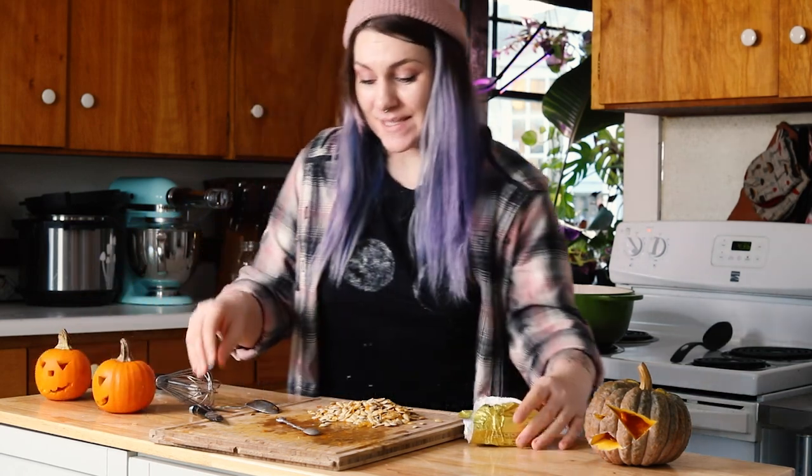All right, now that we have our pumpkins carved, let's make our filling. I'm going to start by making some mac and cheese.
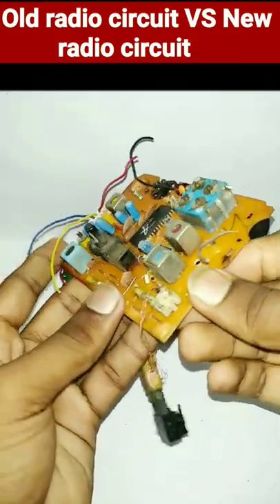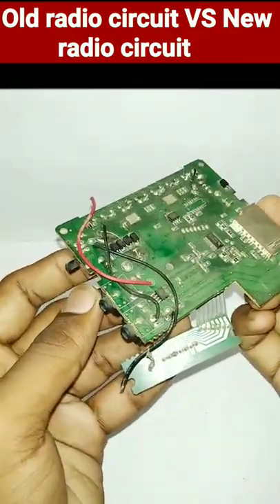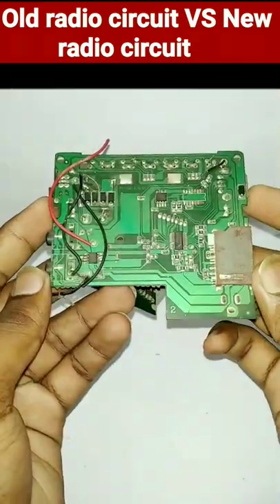In the old radio circuit, many components are missing, and the integrated circuit is replaced.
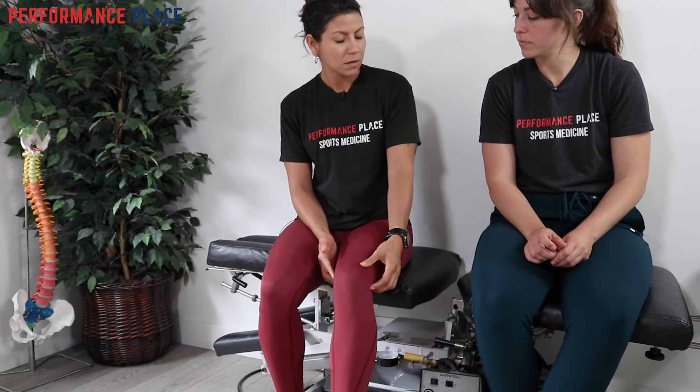Today's video covers a knee case involving meniscus irritation. We're going to go through exercises to decrease pain and things the patient went home with to build support around the area. Des will take us through it. The patient was experiencing pain on the outside of his knee, and we had been working with him for a while for this knee complaint.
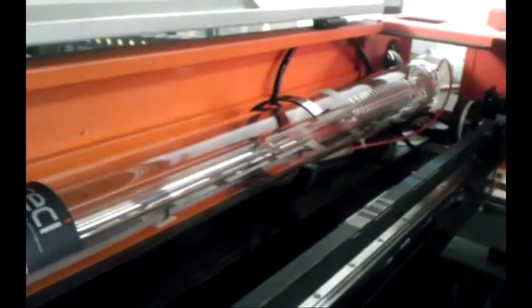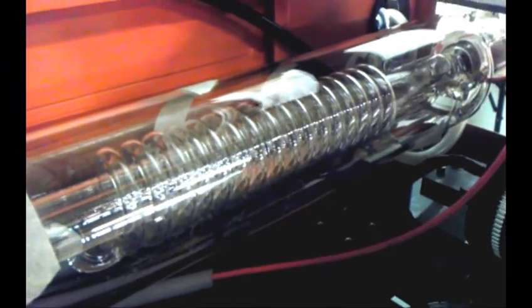Now we're going to go ahead and fill this with water. You can see it's trying to fill — you actually don't want to hear any noise. You can rotate the tube a little bit to get that air out. There goes a bubble. Make sure you have no bubbles, so rotate the tube back and forth until you get all the bubbles out.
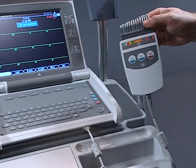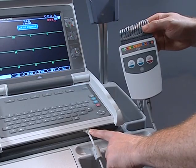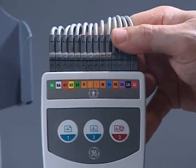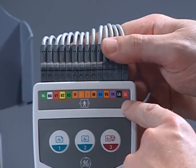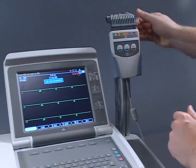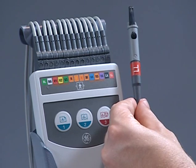This is the acquisition module. One end of the cable fits into the internal connection on the front of the MAC 5500. The other end fits securely into the acquisition module. The lead labels on the acquisition module identify where each individual lead wire should be connected. You can identify each lead wire by looking at the clip connection for the wire label. Each lead wire connects to its corresponding labeled slot in the acquisition module.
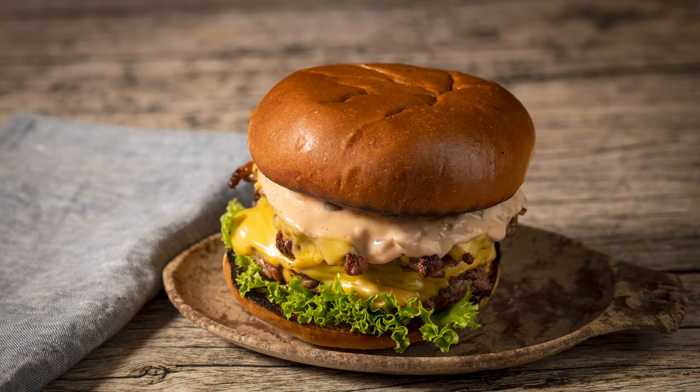And that is one crazy good smash burger. Give this a try with the Wagyu beef tallow — I think you'll like it.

------------------------------

▶ ASSIGNMENT:
Your reply should contain only an exact copy of the lines from the beginning of the material through the line with "In the old radio", both ends included, with the pictures removed.

▶ RESULT FOR THIS TASK:
All right, now that we have our pumpkins carved, let's make our filling. I'm going to start by making some mac and cheese.
In the old radio circuit, many components are missing, and the integrated circuit is replaced.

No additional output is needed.